APB est mort, vive Parcoursup ? Ce système informatique chargé de l'affectation automatique des bacheliers dans les filières de l'enseignement supérieur devait remplacer APB (Admission Post-Bac), très décrié pour certains choix jugés incompréhensibles. La nouvelle version du logiciel enverra dès le mardi 22 mai 2018 au soir les premiers résultats d'affectation aux futurs étudiants de l'enseignement supérieur. C'est la veille, le 21 mai 2018, que Frédérique Vidal et Mounir Mahjoubi, respectivement ministre de l'Enseignement supérieur, de la recherche et de l'innovation et secrétaire d'État en charge du Numérique, ont décidé la publication du code source de l'algorithme de sélection.
Une promesse d'abord prononcée par président Emmanuel Macron fin mars 2018 à l'occasion de la remise du rapport Villani sur l'intelligence artificielle... mais qui a tardé à se concrétiser. Même si le gouvernement s'est réjoui dans un communiqué d'avoir rendu accessible le code "avec plus de trois mois d’avance sur la date limite fixée par la loi du 8 mars 2018 relative à l’orientation et à la réussite des étudiants." En effet, le site spécialisé Nextinpact déplorait fin avril l'absence de réponse de l'exécutif à ses demandes de publication du code, ce qui a conduit le site à saisir finalement la Commission d'accès aux documents administratifs (CADA), laquelle disposait d'un délai d'un mois pour répondre. Lien de cause à effet ? Le code source a finalement été mis en ligne sur un dépôt framagit à cette adresse, et s'accompagne d'une notice explicative.

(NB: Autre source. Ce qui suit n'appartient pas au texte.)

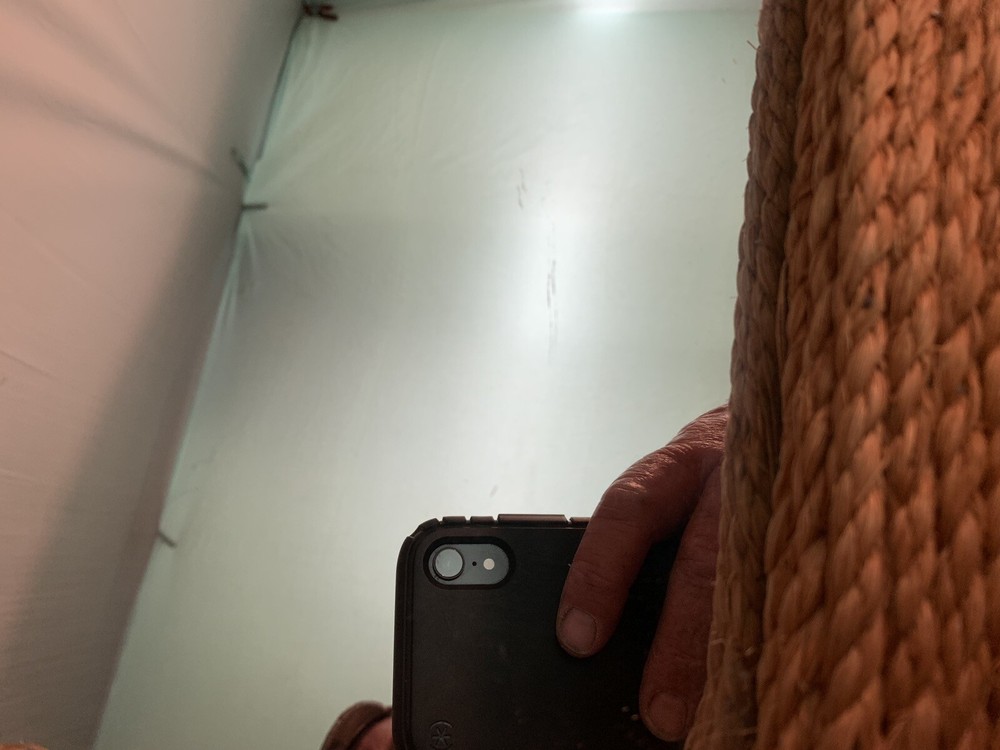 Vintage Large Decorative Rope Frame Wall Mirror Nautical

[?Communiqué] #Parcoursup : publication du code informatique des algorithmeshttps://t.co/m9SyqnivkZ pic.twitter.com/tGUNtwkG7E
— Frédérique Vidal (@VidalFrederique) 21 mai 2018
Plus de classement direct des étudiants
Que contiennent les fichiers mis en ligne par le gouvernement ? Le détail des procédures PL/SQL utilisées pour manipuler la base de données des lycéens, la source des programme codé en Java pour permettre le calcul de l'ordre d'appel, des propositions de formations (pour les candidats retenus) et d'hébergement en internat pour chaque lycéen. Un jargon qu'il faut d'abord décrypter pour comprendre ce que fait Parcoursup. Par exemple, "l'ordre d'appel" représente l'ordre dans lequel les différentes propositions d'admission sont envoyées aux candidats. À quoi ça sert ? Il garantit, quel que soit le rang du dernier appelé, qu'un pourcentage minimal de boursiers est assuré dans les effectifs des formations non sélectives (ce chiffre est renseigné par les recteurs), comme l'explique une fiche thématique Parcoursup.
PAS DE CLASSEMENT. Autrement dit, l'algorithme de Parcoursup, contrairement à celui d'APB, ne procède pas au classement direct des candidats. Mais détermine l'ordre dans lequel leur seront présentées les propositions d'admission des établissements indiqués dans leurs vœux, lesquels ne sont plus hiérarchisés. Car avec Parcoursup, les candidats ne recevront qu'une proposition à la fois. À laquelle ils doivent obligatoirement répondre par oui ou non dans un délai de quelques jours, sous peine de perdre le bénéfice de toutes les propositions d'admission déjà reçues. Résultat : un gigantesque chassé-croisé du calendrier sur les mois d'été, que le site Studyrama a résumé en un tableau.
Opacité sur les algorithmes utilisés par les établissements pour trier les dossiers
Si le code de parcoursup est plus complet que ce qui a jusqu'à présent été publié sur son prédécesseur APB, les informations mises en ligne n'éclairent toutefois pas sur les techniques et critères précis utilisés par chaque université pour trier les dossiers. Le gouvernement a en effet déposé des amendements, lors du vote de la loi relative à la protection des données personnelles, mi mai 2018, pour que les universités n’aient pas à dévoiler les "algorithmes locaux" utilisés pour assurer la cohérence entre le profil du candidat et les attendus de la formation demandée. Si le gouvernement voit dans cette décision une façon de maintenir le principe du "secret des délibérations" contre une publicité qui "fragiliserait le rôle des équipes pédagogiques", certains n'hésitent pas à les qualifier de "boîtes noires".
RGPD. Ce "secret des délibérations" pourrait toutefois être mis à mal par l'entrée en vigueur, le 25 mai 2018, par le Règlement général sur la protection des données (RGPD). Car si les universités ne sont pas tenues de respecter la loi pour une République numérique (votée en 2016), qui impose aux administrations de rendre public le détail des règles de leurs programmes informatiques, aucune dérogation au RGPD n'est pour l'instant prévue. Si un étudiant en vient à saisir la CNIL, les universités pourraient être contraintes à plus de transparence sur leurs méthodes.